In the entries below, which lines run from the one with "nhất Việt Nam" through the one with "LIVINA 1.6 SL X-gear 16V"? Repeat exactly those, both included, and no pictures.

ENTRIES SUPPLIED:
- - -

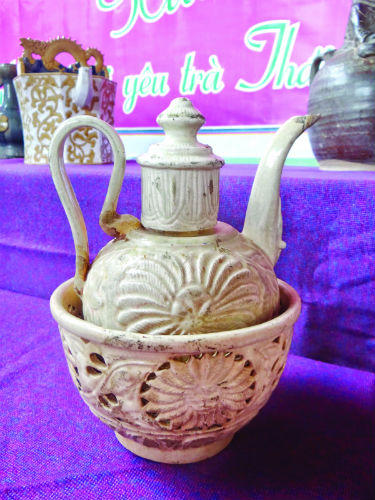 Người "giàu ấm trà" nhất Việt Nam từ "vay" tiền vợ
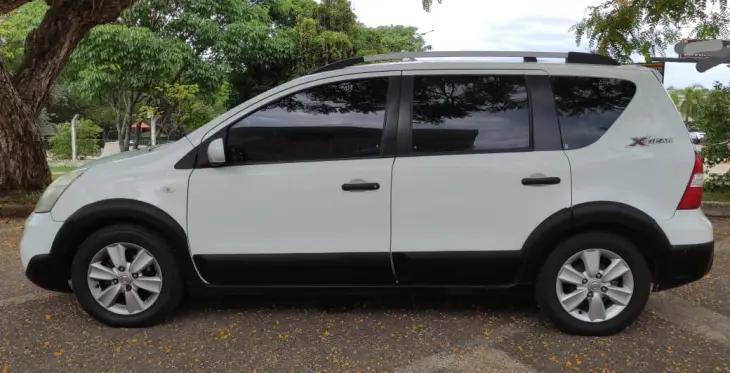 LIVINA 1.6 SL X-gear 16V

- - -

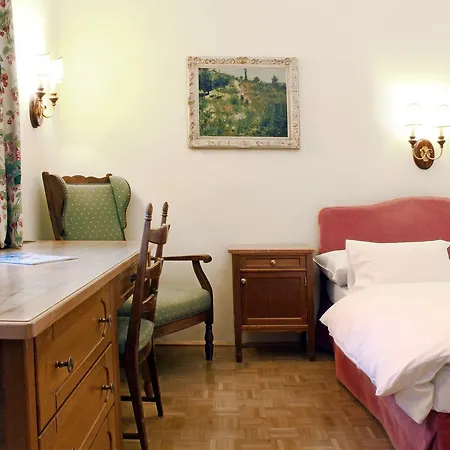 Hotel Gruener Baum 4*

- - -

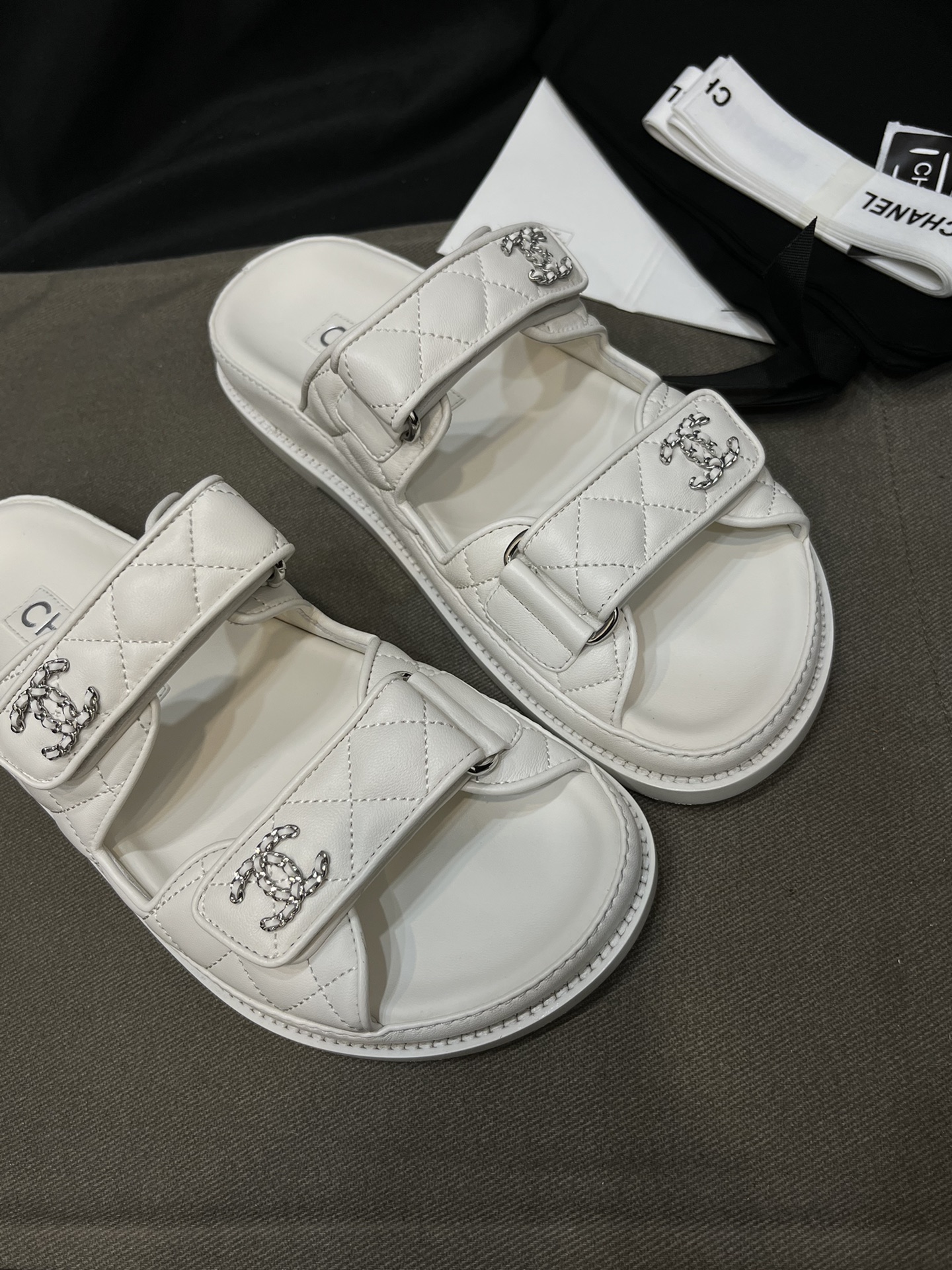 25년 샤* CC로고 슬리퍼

- - -

WORKED SOLUTION:
 Người "giàu ấm trà" nhất Việt Nam từ "vay" tiền vợ
 LIVINA 1.6 SL X-gear 16V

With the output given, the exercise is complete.